Micro libraries for a macro project: BSU students work with city to provide Little Free Libraries
BEMIDJI—Four BSU seniors finished their academic careers by partnering with the city of Bemidji.
The result are three Little Free Libraries given to the Bemidji Parks and Recreation Department to be placed in the community.
The students, Saige Glaser, Jeff Harris, Cooper Heimark and Raymond Rohl approached the local Parks Commission with their idea, including mockups, said Bemidji Parks and Recreation Director Marcia Larson. "Everyone was really excited, so we said, 'Absolutely.'"
The foursome built the three libraries to be weather resistant so they could be placed in parks and settled on a canoe shape to reflect Bemidji's place in lake country.
"For the capstone class, these students apply what they've learned over the four or five years here," said Mahmoud Al-Odeh, BSU associate professor. "The idea of this project is how we can bring a greater benefit to the community and how we can get involved."
"Dr.

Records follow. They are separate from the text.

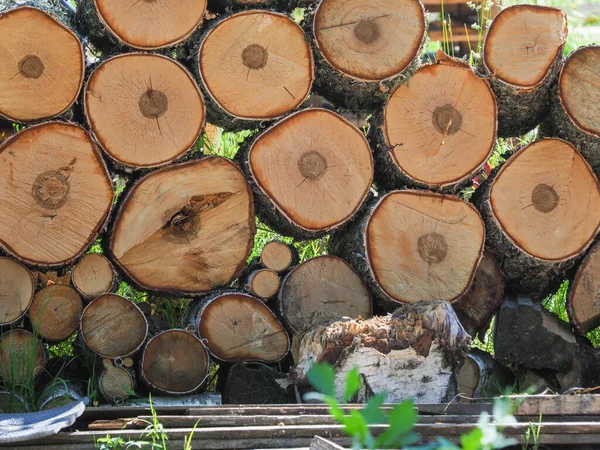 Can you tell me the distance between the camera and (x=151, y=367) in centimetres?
351

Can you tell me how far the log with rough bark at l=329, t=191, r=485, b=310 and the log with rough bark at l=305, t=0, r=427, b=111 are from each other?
1.69ft

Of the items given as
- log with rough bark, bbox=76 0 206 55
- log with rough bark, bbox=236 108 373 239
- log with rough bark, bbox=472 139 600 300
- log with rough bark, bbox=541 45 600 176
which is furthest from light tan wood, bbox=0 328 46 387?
log with rough bark, bbox=541 45 600 176

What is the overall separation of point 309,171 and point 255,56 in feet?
1.72

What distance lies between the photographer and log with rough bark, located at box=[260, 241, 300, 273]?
3775 mm

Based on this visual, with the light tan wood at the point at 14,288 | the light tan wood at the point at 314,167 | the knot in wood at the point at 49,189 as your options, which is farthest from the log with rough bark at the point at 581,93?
the light tan wood at the point at 14,288

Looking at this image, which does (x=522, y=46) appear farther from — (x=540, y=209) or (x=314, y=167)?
(x=314, y=167)

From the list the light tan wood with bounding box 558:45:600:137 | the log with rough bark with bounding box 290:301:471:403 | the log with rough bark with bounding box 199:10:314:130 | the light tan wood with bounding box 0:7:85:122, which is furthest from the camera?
the light tan wood with bounding box 558:45:600:137

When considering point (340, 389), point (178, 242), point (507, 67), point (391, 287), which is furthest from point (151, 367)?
point (507, 67)

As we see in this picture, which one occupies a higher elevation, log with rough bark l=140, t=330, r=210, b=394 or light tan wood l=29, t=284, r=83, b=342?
light tan wood l=29, t=284, r=83, b=342

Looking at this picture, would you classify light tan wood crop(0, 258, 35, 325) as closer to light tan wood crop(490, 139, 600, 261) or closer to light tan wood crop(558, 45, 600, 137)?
light tan wood crop(490, 139, 600, 261)

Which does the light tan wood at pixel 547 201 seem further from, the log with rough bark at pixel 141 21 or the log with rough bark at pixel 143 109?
the log with rough bark at pixel 141 21

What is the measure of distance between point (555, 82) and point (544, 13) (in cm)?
31

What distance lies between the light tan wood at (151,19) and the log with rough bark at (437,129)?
3.01 feet

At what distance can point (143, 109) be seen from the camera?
3.54 metres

Mahmoud had come up with the idea," Rohl said. "He had seen them around town and thought it would be a great way to promote BSU and reading in general throughout the city. He gave us the idea and we ran with it."
The three new libraries are for Carnegie Park, South Shore Park and Cameron Park. They join two Free Little Libraries already in place in Diamond Point Park and Roger Lehmann Park.
"The project was challenging and it stretched our knowledge, but the overall quality stayed in tact," Glaser said. "It took longer than expected, but we wanted to make sure the quality of the project was in place for the public and the city."
The Little Free Libraries concept is nationwide, originating in 2009 in Wisconsin, when Todd Bol built the original free library, and later partnered with the University of Wisconsin to expand the project. The concept is simple: take a book, leave a book. By the end of 2011 there were 400, the next year it was more than 4,000 and today, there are at least 80,000 registered libraries, according to the program's website. Bol died last year.
Larson said after the students contacted the commission, the department helped them register the libraries on the program's website to make them official. Larson called the project a "great partnership."
"We're preparing these students for industry. We need them to be in touch with these types of groups to be able to perform well in their job," Al-Odeh said. "This teaches students teamwork, how to communicate with each other and how to communicate with external organizations. These projects help students build their resume and makes them more employable."